__Exercise goal__:
Retype exactly the span of lines below from the one with "84 Buhl Blvd, Sharon, PA 16146 - Photo 21" through the one with "Página 63 del Manga". Do not include pictures.

**** Provided records

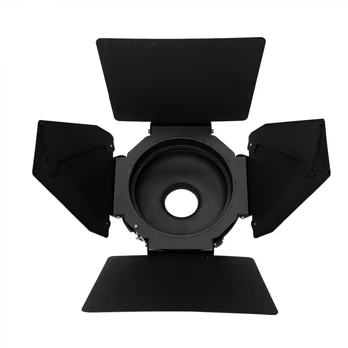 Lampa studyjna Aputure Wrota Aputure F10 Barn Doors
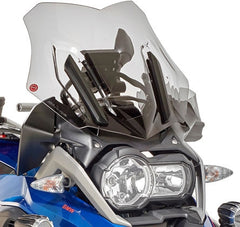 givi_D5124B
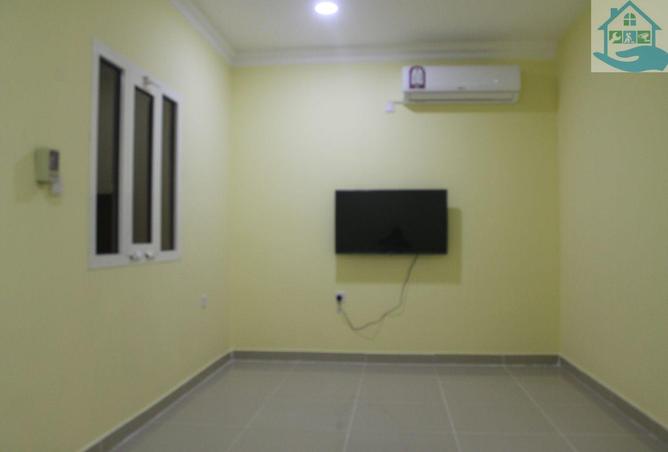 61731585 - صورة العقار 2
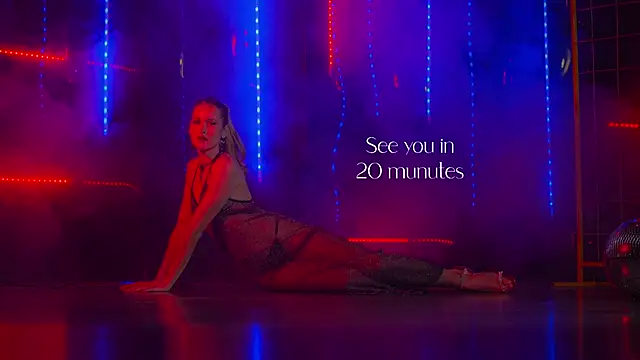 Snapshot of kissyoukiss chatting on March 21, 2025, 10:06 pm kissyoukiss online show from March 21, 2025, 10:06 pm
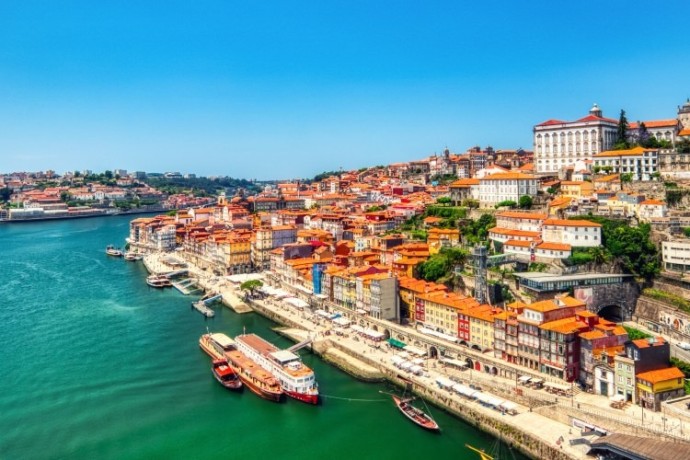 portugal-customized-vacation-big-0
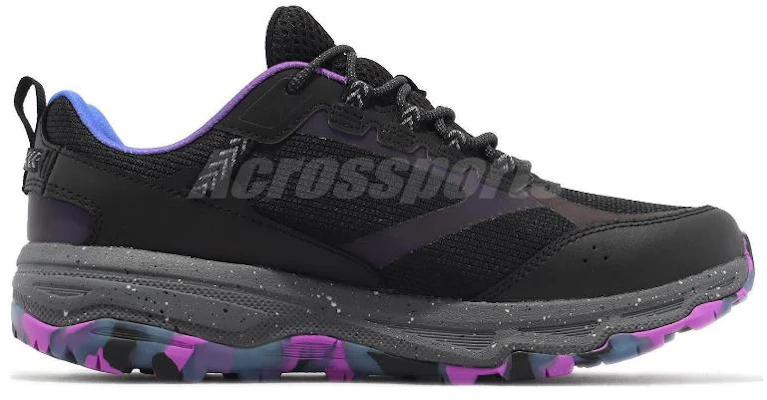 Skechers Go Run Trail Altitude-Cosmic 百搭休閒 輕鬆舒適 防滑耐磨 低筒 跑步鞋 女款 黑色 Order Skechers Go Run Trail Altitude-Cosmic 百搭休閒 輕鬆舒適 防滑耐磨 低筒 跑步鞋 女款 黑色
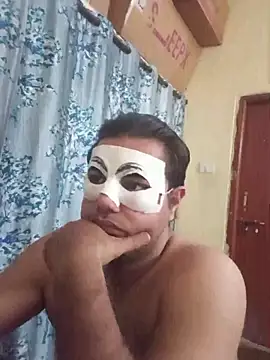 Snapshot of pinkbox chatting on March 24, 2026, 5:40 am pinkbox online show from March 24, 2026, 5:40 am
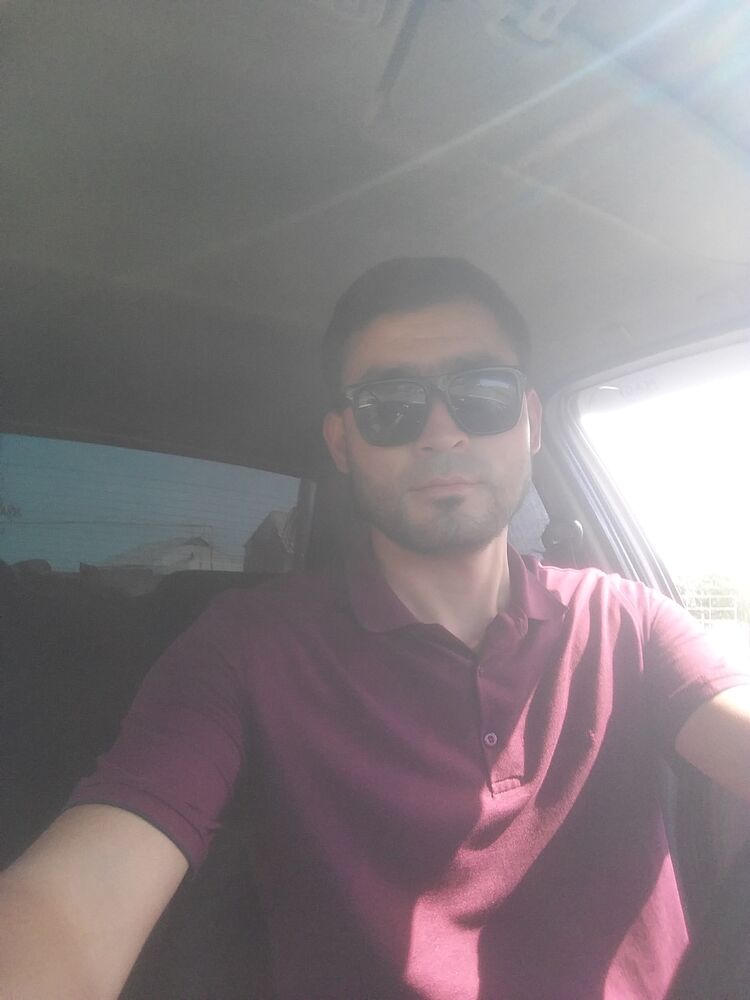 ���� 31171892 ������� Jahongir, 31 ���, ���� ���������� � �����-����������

********
**** Provided records

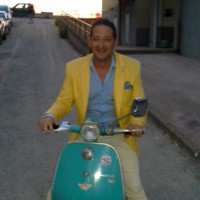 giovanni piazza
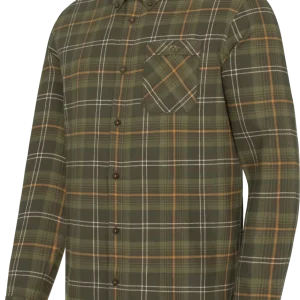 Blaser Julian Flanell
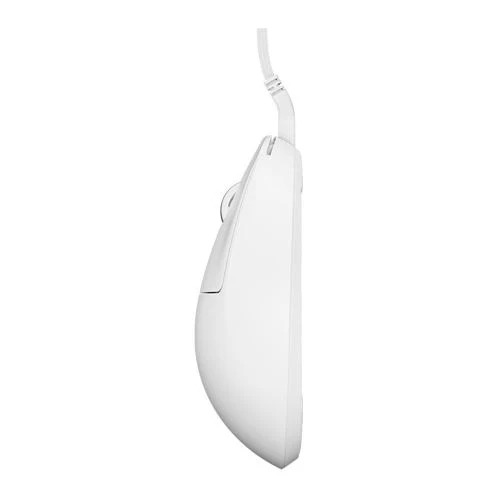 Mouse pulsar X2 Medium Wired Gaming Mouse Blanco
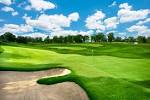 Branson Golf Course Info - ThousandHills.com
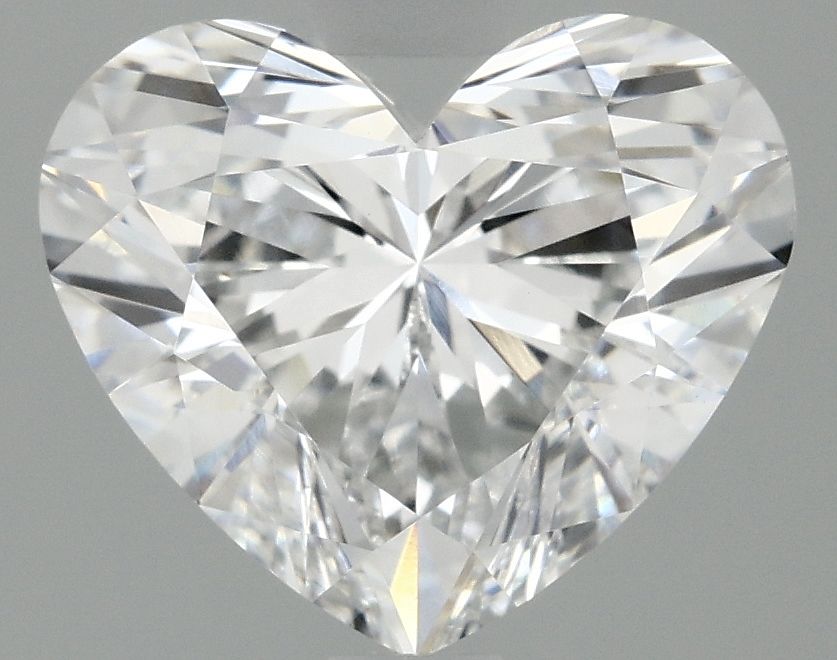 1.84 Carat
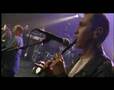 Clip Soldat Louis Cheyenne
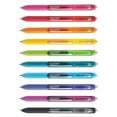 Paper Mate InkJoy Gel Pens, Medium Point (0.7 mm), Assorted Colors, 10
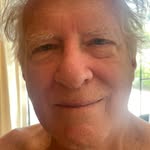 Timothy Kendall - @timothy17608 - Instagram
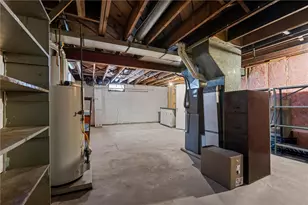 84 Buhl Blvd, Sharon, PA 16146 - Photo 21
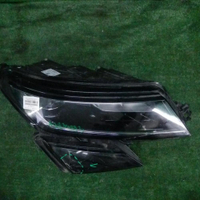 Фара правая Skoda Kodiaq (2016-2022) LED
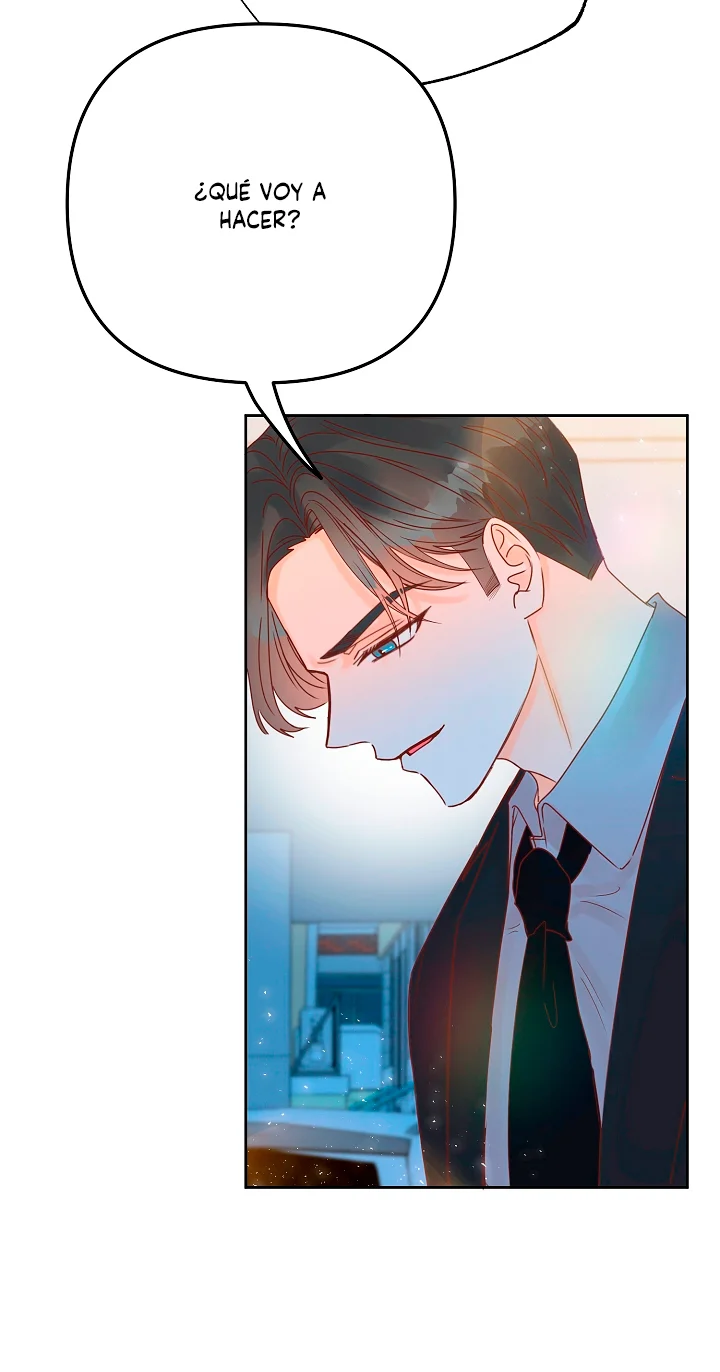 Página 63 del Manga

********
**** Provided records

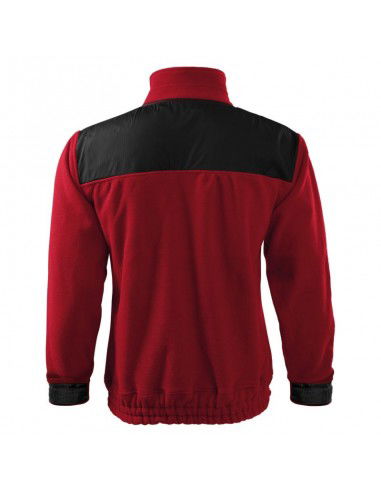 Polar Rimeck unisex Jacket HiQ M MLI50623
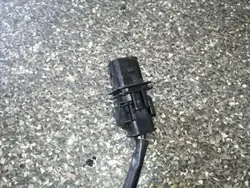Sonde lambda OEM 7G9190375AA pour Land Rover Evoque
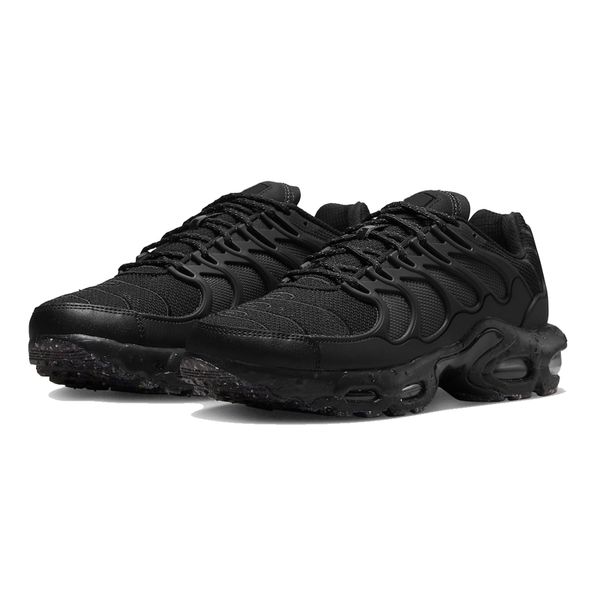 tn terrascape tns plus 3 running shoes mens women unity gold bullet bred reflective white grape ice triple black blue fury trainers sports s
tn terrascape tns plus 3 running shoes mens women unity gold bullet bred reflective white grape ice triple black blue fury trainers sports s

********

__Answer for this exercise__:
 84 Buhl Blvd, Sharon, PA 16146 - Photo 21
 Фара правая Skoda Kodiaq (2016-2022) LED
 Página 63 del Manga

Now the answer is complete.